Both steely and acquiescing, Kolya doesn’t seem to have a chance in the annexation process, especially given his best defense is self-contained, vodka-fueled rage—that is until a visit from his army mate from Moscow, Dmitri (Vladimir Vdovichenkov), now an attorney with a J. Edgar-style file of dirt on the mayor. Blessedly, Leviathanis not a courtroom drama, nor is Dmitri the crisp, clean savior he initially appears. The mayor also runs a goon squad on the side to do his bidding when the bureaucratic machinery does not move as fast as he would like, and as a result, some near-Goodfellas violence breaks out, but two of the most pivotal scenes—a molestation and a murder—take place outside the periphery of the lens. There is never any real rewind to provide a definitive “what happened,” the enigmatic weight of which tugs piquantly at the viewer’s orientation and sense of morality.
The Scriptures also contain the story about a leviathan that swallowed an imperiled soul by the name of Jonah. And while the film is dotted by a series of meta-theological interludes between Kolya and the village’s Orthodox Christian priest and the profound recurring imagery of whales and whale carcasses, Zvyagintsev’sLeviathan ultimately takes its cue from Thomas Hobbes’ book of the same name; Hobbes theorized that an effective, all-inclusive government must fairly address the needs of its lower social strata or risk overthrow.
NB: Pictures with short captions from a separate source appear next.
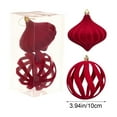 thumbnail image 3 of HomeDM Christmas Velvet Balls Ornaments, 2Pcs Red 10cm/3.94" Hanging Pendant for Xmas Tree Wreath Wedding Holiday Party Decor Shatterproof Plastic Flocked Christmas Decorations Balls, 3 of 6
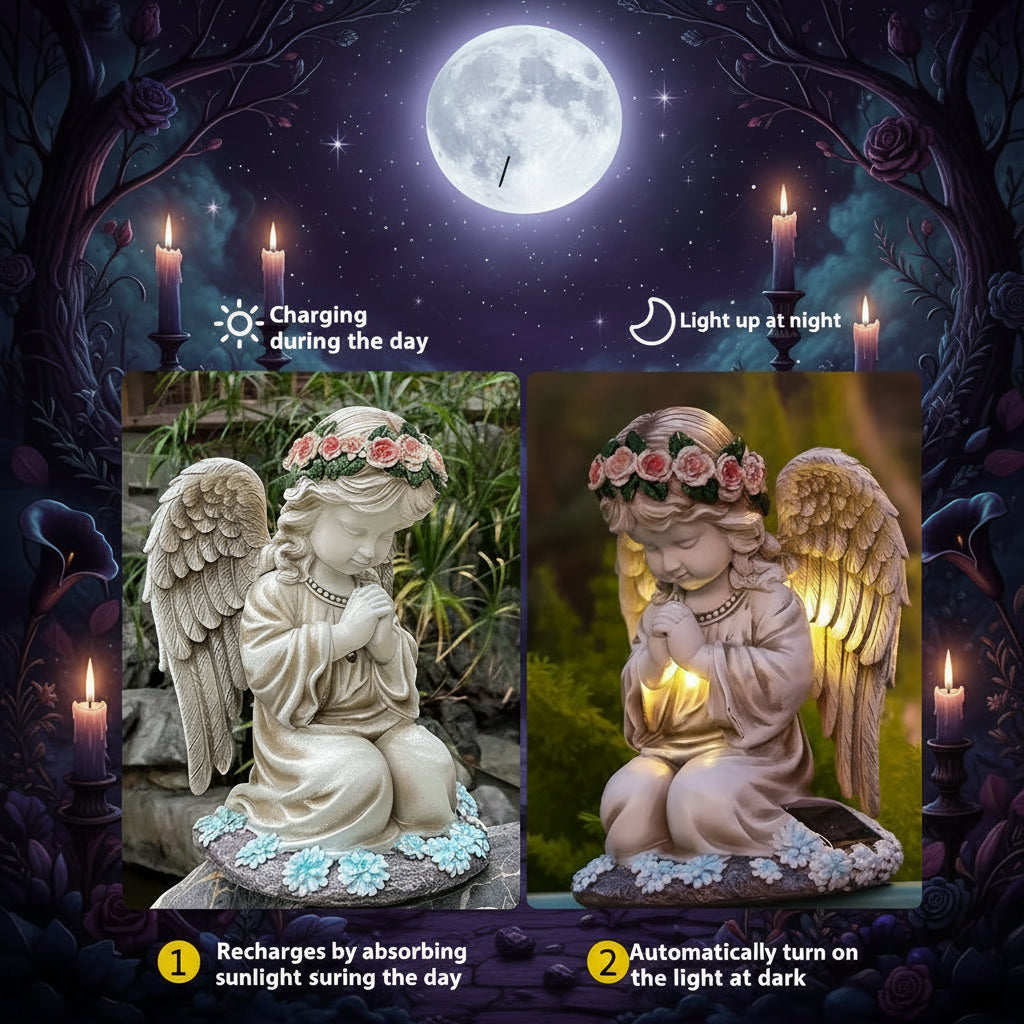 Solar-powered angel statue with built-in smart sensor chip, charging during the day and lighting up at night.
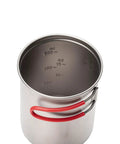 Ultralight Titanium Solo Camping Pot Set 750ml For Solo Hikers, visible volume markings, 0.3mm titanium body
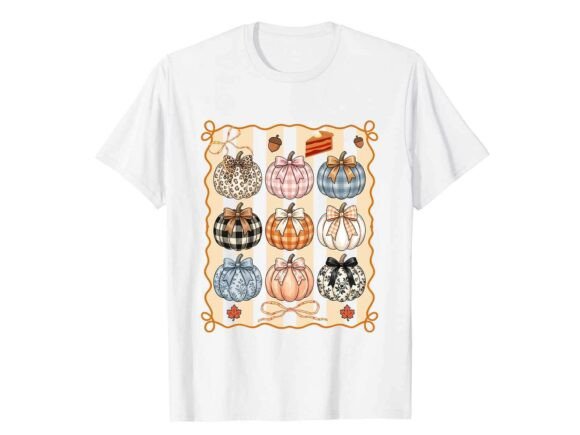 Cute Plaid Pumpkins Fall T-Shirt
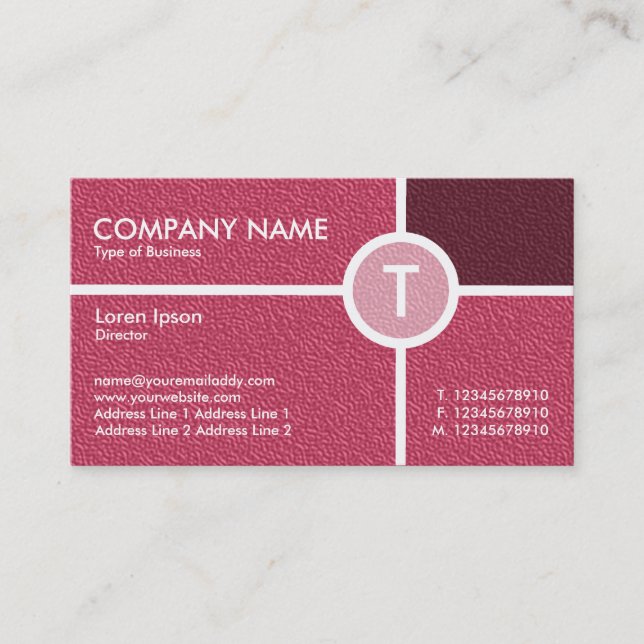 Monogram Circle Cross - Maroon Red Texture Business Card (Front)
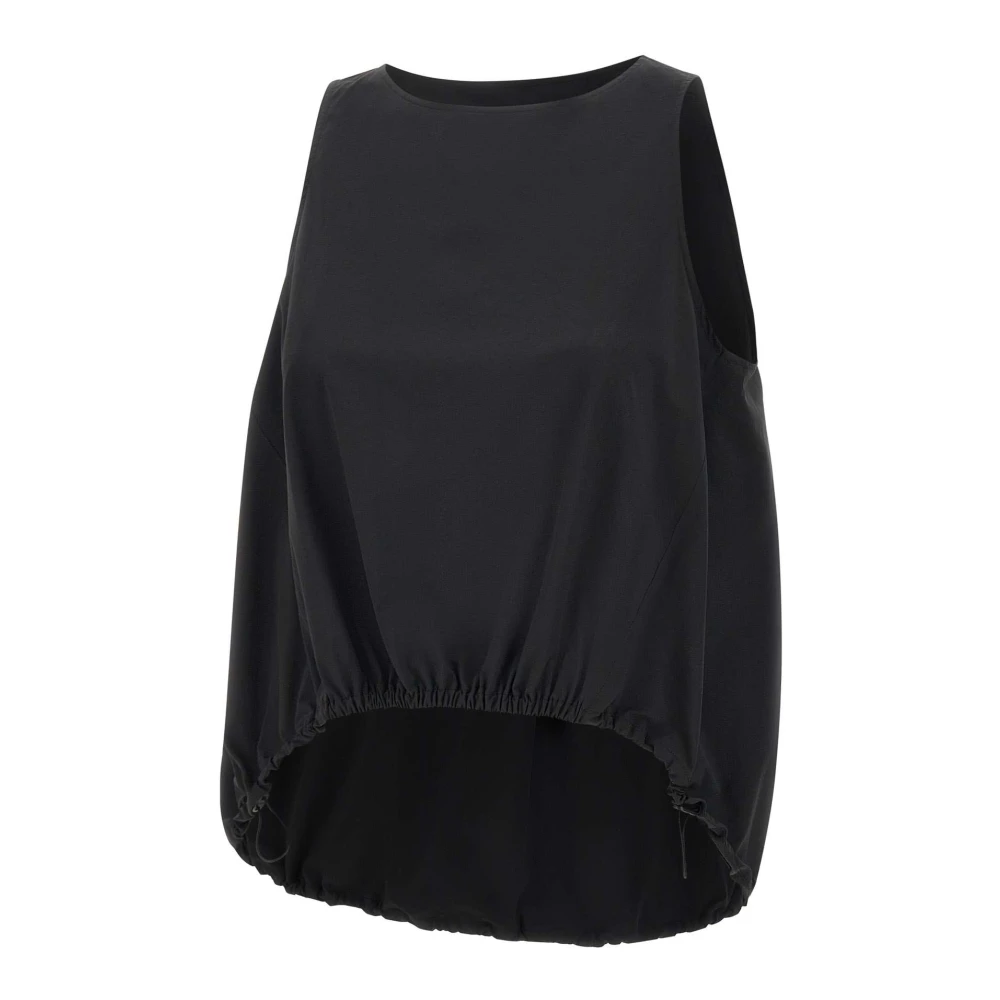 Herno Navy Blue Mouwloze Blouse Blue Dames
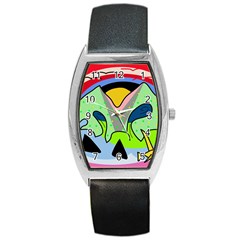 Colorful Landscape Barrel Style Metal Watch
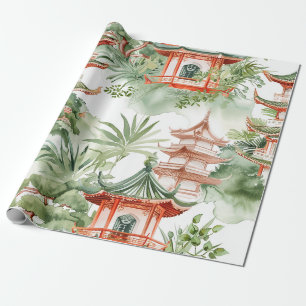 Oriental Pagoda Garden Sage Watercolor Wrapping Paper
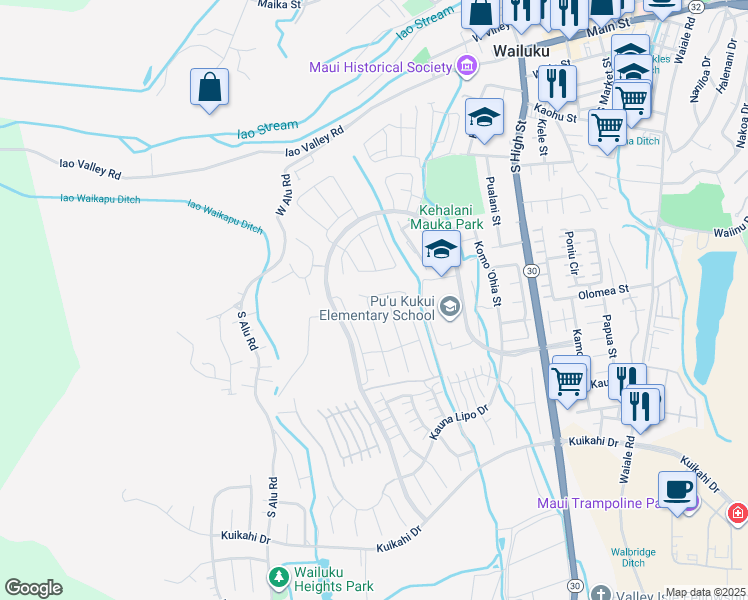 map of restaurants, bars, coffee shops, grocery stores, and more near 130 Pua Kalaunu in Wailuku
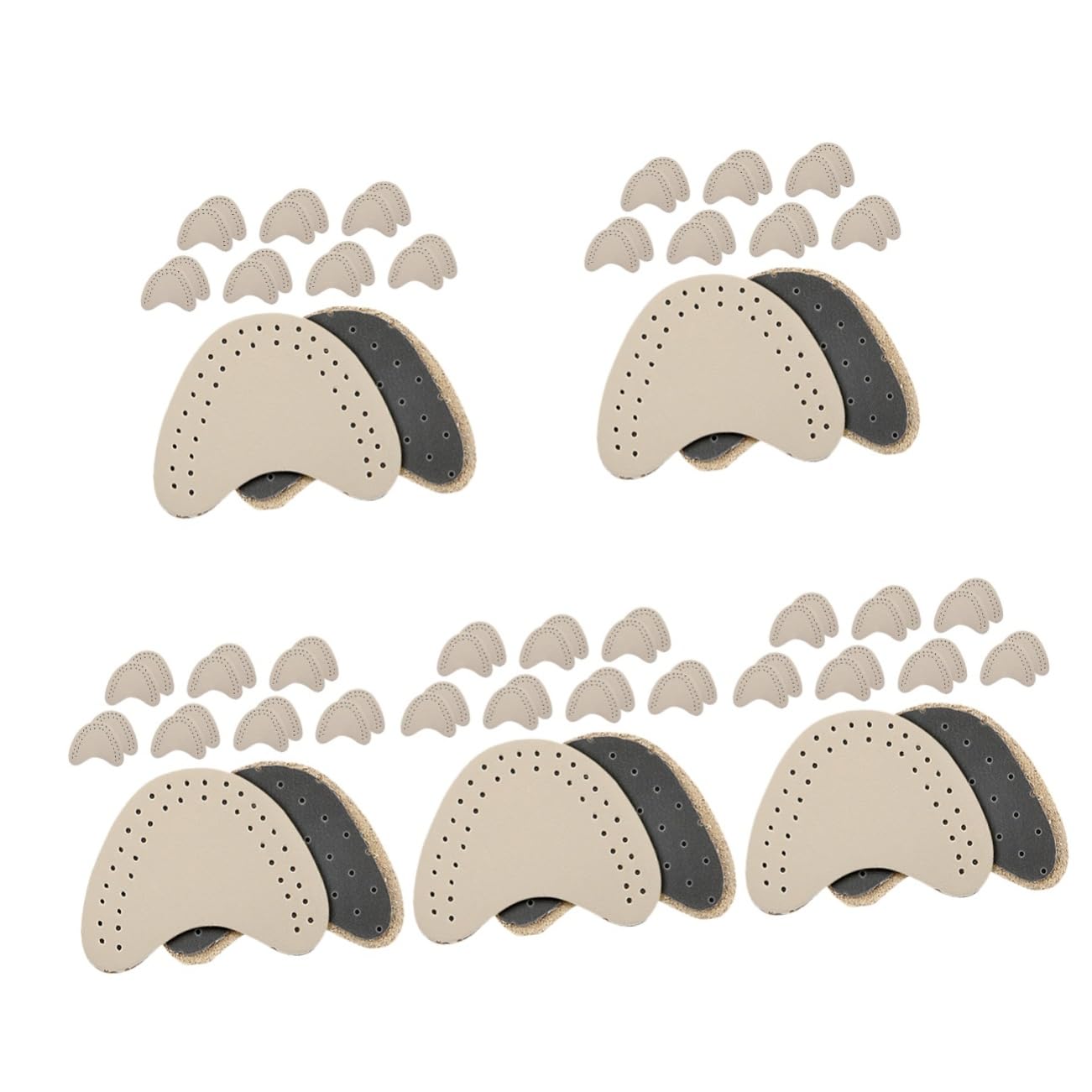 VALICLUD 5 Sätze Vorderfußpolster Schutz Einlegesohlen Sohle, Einzig, Alleinig Antirutschmatte Schuhsohlen Forefoot Support Pads High Heel -schuheinsätze Emulsion Beige 8 Paare * 5
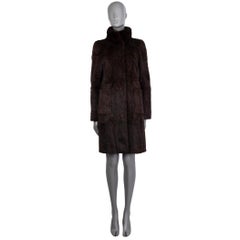 ETRO dark brown PAISLEY RABBIT FUR Coat Jacket 42 M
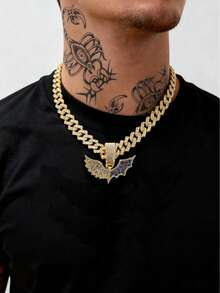 Mặt dây chuyền hình cánh dơi đính đá toàn bộ theo phong cách Hip-Hop Châu Âu và Mỹ, dây chuyền kiểu , phụ kiện vòng cổ đính đá cá nhân hóa dành cho nam giới theo phong cách rap đường phố. - Vòng cổ mặt dây chuyền đại bàng - Xem 3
The folding in of the Job theme—where the hand of power, and its thumb on the throttle of torment, is not that of the Almighty but a “fair” and democratically elected stewardship that does not abide with the Creator’s embracing benevolence—blends both the biblical and Kafka-esque motifs seamlessly and provocatively.
Given how things have gone of late in the former Soviet Union for gays and protest artists like Pussy Riot, it’s astonishing that Zvyagintsev’s pointed vision found the light of day. Zvyagintsev—whose 2005 film The Return was also set in the remotes of Russia and painted an emotional portrait of two brothers coming to terms with the father they never knew—has rendered something affecting and timeless and free of geographic or theological boundaries. The widescreen cinematography by Mikhail Krichman that captures the region’s definitive craggy ravines and desolate shores (where the unexpected wash up), as well as Serebryakov’s subdued but simmering performance, underscore Zvyagintsev’s mission with purpose and poetry.
In the end, Leviathan feels epic and tiring, but all without a dull blip. It’s a rigorous and challenging workout for the soul. In the pantheon of great recent Russian works, Burnt by the Sun makes for a good companion piece in its staid, violent undercurrents, but in texture and exploration of the human condition, the more ethereal and subtly complex The Sacrifice by the late, great Andrei Tarkovsky is a more apt specter of the beast.